Drop every picture. Return the rest of the entries exactly.

• [THE RECORDS]

>>

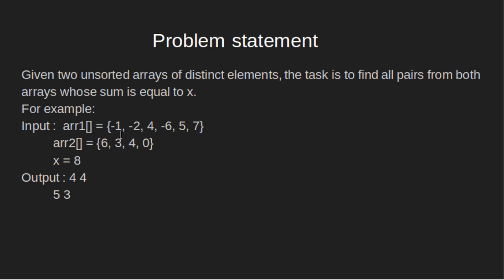input array 1 is {-1, -2, 4, -6, 5, 7}, array 2 is {6, 3, 4, 0}, and x equals 8. So output should be 4, 4 and 5, 3.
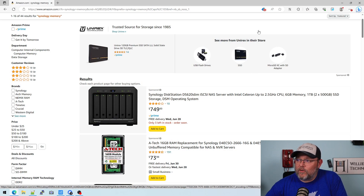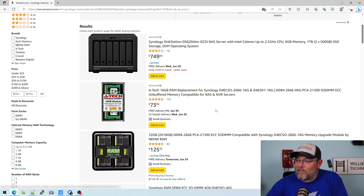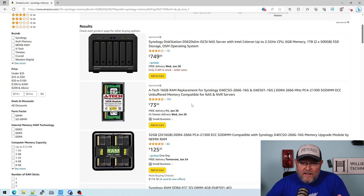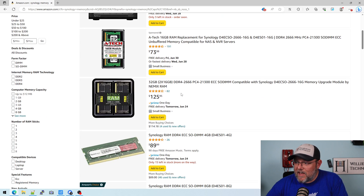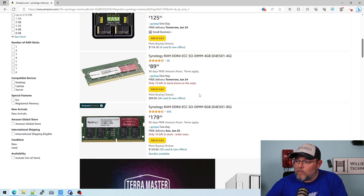Here's what I'm going to tell you — going forward, I will not recommend non-Synology memory for Synology. I went over to Amazon and searched for Synology memory, and the first thing that comes up is this ATEC 16GB, which is a non-Synology module. I'm not going to leave a link to that, or to this 32GB non-Synology module. I will leave affiliate links down below to the first two Synology modules.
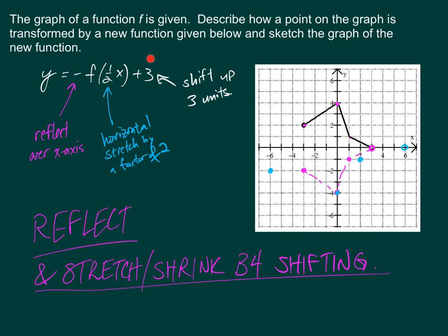Lastly, we have the plus 3. We did all of the reflections and stretches before we do the shifting. This plus 3 just means shift up 3 units. Shifting the blue dots up 3 units using orange ink: 3 units up from the first dot, 3 units up from the second, 3 units up from the third, and 3 units up from the fourth dot — which is still open.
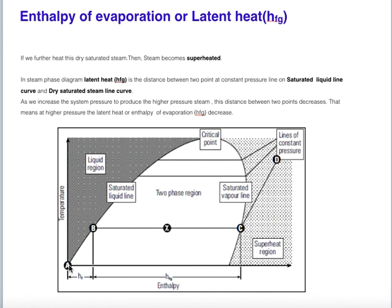The dryness fraction of saturated steam keeps increasing from 0 to 1. On the phase diagram, at point B, the water is saturated water and the dryness fraction is 0. As we keep adding heat, steam is produced and the dryness fraction increases toward 1. At point C, the dryness fraction is 1, which is why the steam at this point is called dry saturated steam.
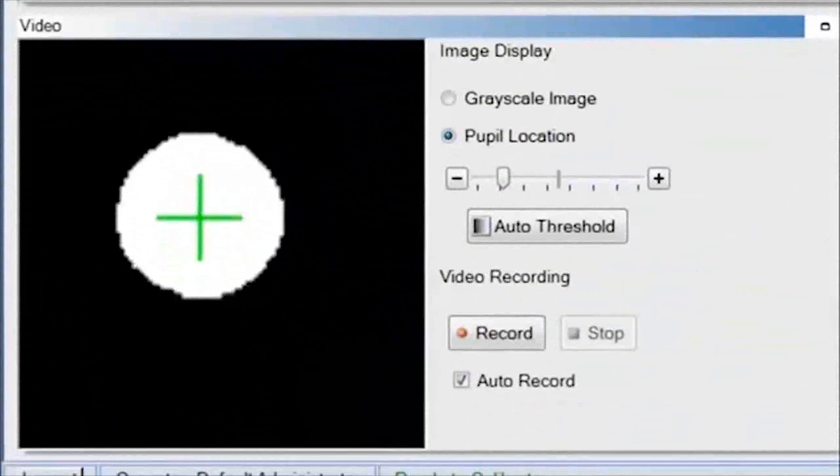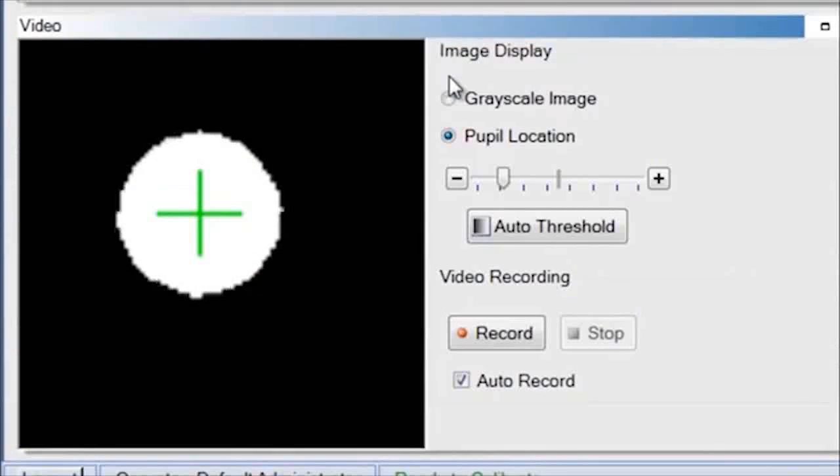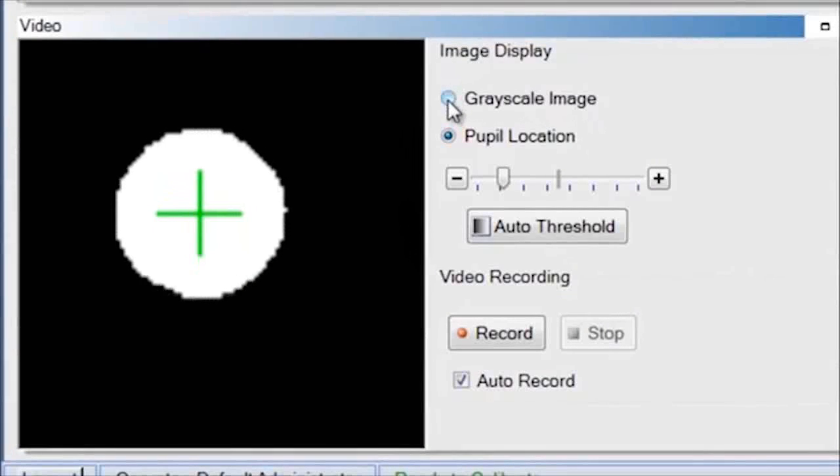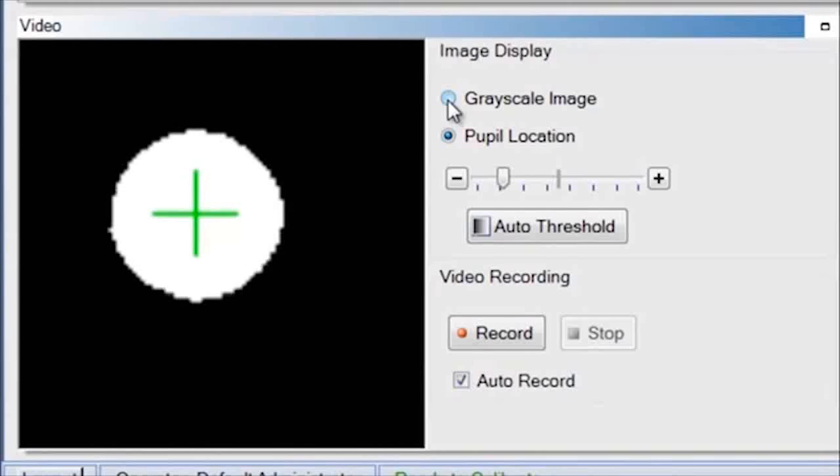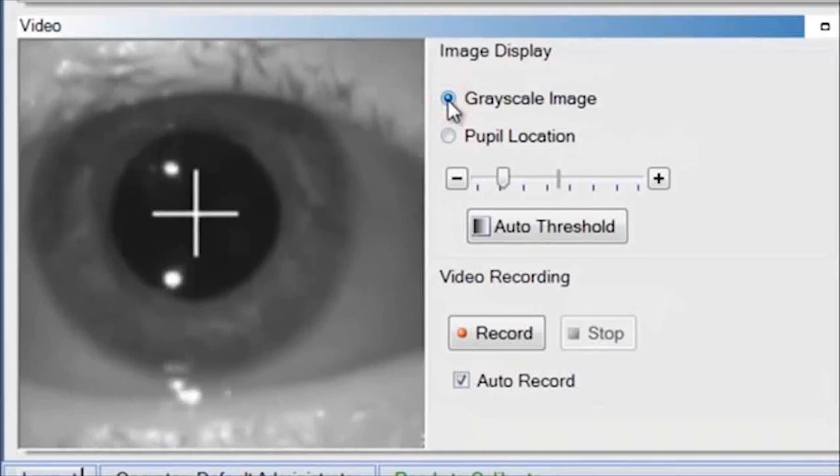You can look at the pupil in one of two ways: grayscale image or pupil location. When it is in pupil location, the pupil is white and the background is black. In grayscale, the white cross signifies the pupil.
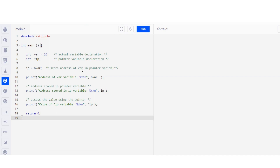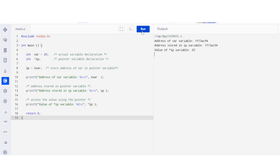Here we have an example program. An integer variable var is declared and initialized to 20. A pointer variable ip is declared to store the address of var. The address of var is assigned to ip using the ampersand operator. The program prints the address of var using the ampersand operator, the address stored in ip, and the dereferenced value ip star — which is the value stored at the memory address pointed to by ip. We can observe that the address of var and the address stored in ip are the same, indicating the pointer correctly stores the address of var. By dereferencing ip using the star operator, we can access the value stored in var.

<<

• [SOLUTION FOR THIS TASK]
input array 1 is {-1, -2, 4, -6, 5, 7}, array 2 is {6, 3, 4, 0}, and x equals 8. So output should be 4, 4 and 5, 3.
Here's what I'm going to tell you — going forward, I will not recommend non-Synology memory for Synology. I went over to Amazon and searched for Synology memory, and the first thing that comes up is this ATEC 16GB, which is a non-Synology module. I'm not going to leave a link to that, or to this 32GB non-Synology module. I will leave affiliate links down below to the first two Synology modules.
Lastly, we have the plus 3. We did all of the reflections and stretches before we do the shifting. This plus 3 just means shift up 3 units. Shifting the blue dots up 3 units using orange ink: 3 units up from the first dot, 3 units up from the second, 3 units up from the third, and 3 units up from the fourth dot — which is still open.
The dryness fraction of saturated steam keeps increasing from 0 to 1. On the phase diagram, at point B, the water is saturated water and the dryness fraction is 0. As we keep adding heat, steam is produced and the dryness fraction increases toward 1. At point C, the dryness fraction is 1, which is why the steam at this point is called dry saturated steam.
You can look at the pupil in one of two ways: grayscale image or pupil location. When it is in pupil location, the pupil is white and the background is black. In grayscale, the white cross signifies the pupil.
Here we have an example program. An integer variable var is declared and initialized to 20. A pointer variable ip is declared to store the address of var. The address of var is assigned to ip using the ampersand operator. The program prints the address of var using the ampersand operator, the address stored in ip, and the dereferenced value ip star — which is the value stored at the memory address pointed to by ip. We can observe that the address of var and the address stored in ip are the same, indicating the pointer correctly stores the address of var. By dereferencing ip using the star operator, we can access the value stored in var.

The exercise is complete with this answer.